Government looking to renew visa agreements
According to an email sent from justice minister Morten Bødskov (Socialdemokraterne) to Politiken newspaper, the government is looking to change a law passed last year that left Denmark without consulates in 27 countries and counting.
“The ministry is working on an amendment that will allow our Schengen partners to once again process visa applications for Denmark,” Bødskov told Politiken.
Holland is currently considering joining Germany, France and Finland in refusing to agree to Denmark’s demands that all applications for travel be sent to Copenhagen for review. That would leave potential travellers in New Zealand, Suriname and Trinidad and Tobago with no way of seeking a Danish visa without travelling abroad, and bring the number of countries whose citizens are effectively banned from coming to Denmark to 30.

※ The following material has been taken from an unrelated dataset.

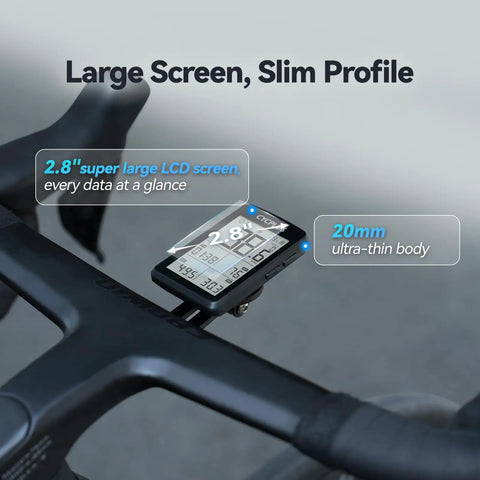Wireless GPS Bike Computer With ANT Plus And Bluetooth Two Point Eight Inch LCD Screen IP67 Waterproof mounted on handlebars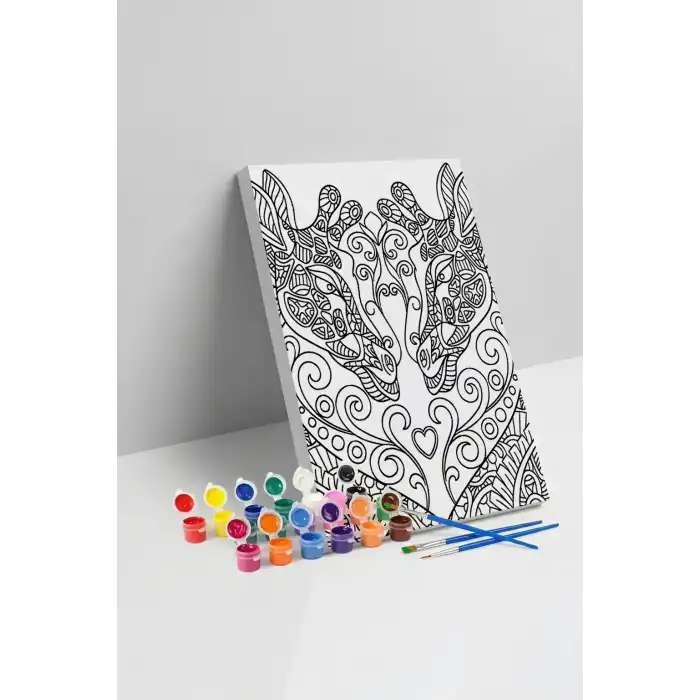 Zürafa Desenli Mandala Tuval Boyama Seti 40x50 cm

Last year the Immigration Ministry under Søren Pind (Venstre) changed the law that created co-operative agreements with other Schengen countries allowing those countries to process visa applications for Denmark under a common set of rules. The new law demanded that all visa applications be sent to Denmark.
When Germany and Finland refused to comply, the former VK government cancelled their consular agreements, ending Denmark’s consular representations in 15 countries.
France also objected and chose to dissolve its agreement effective January 1. That cancellation ended Denmark’s representation in 12 additional countries.
The Foreign Ministry has been expressing concern for months about the effects that the visa restrictions have had on tourism and commerce in Denmark.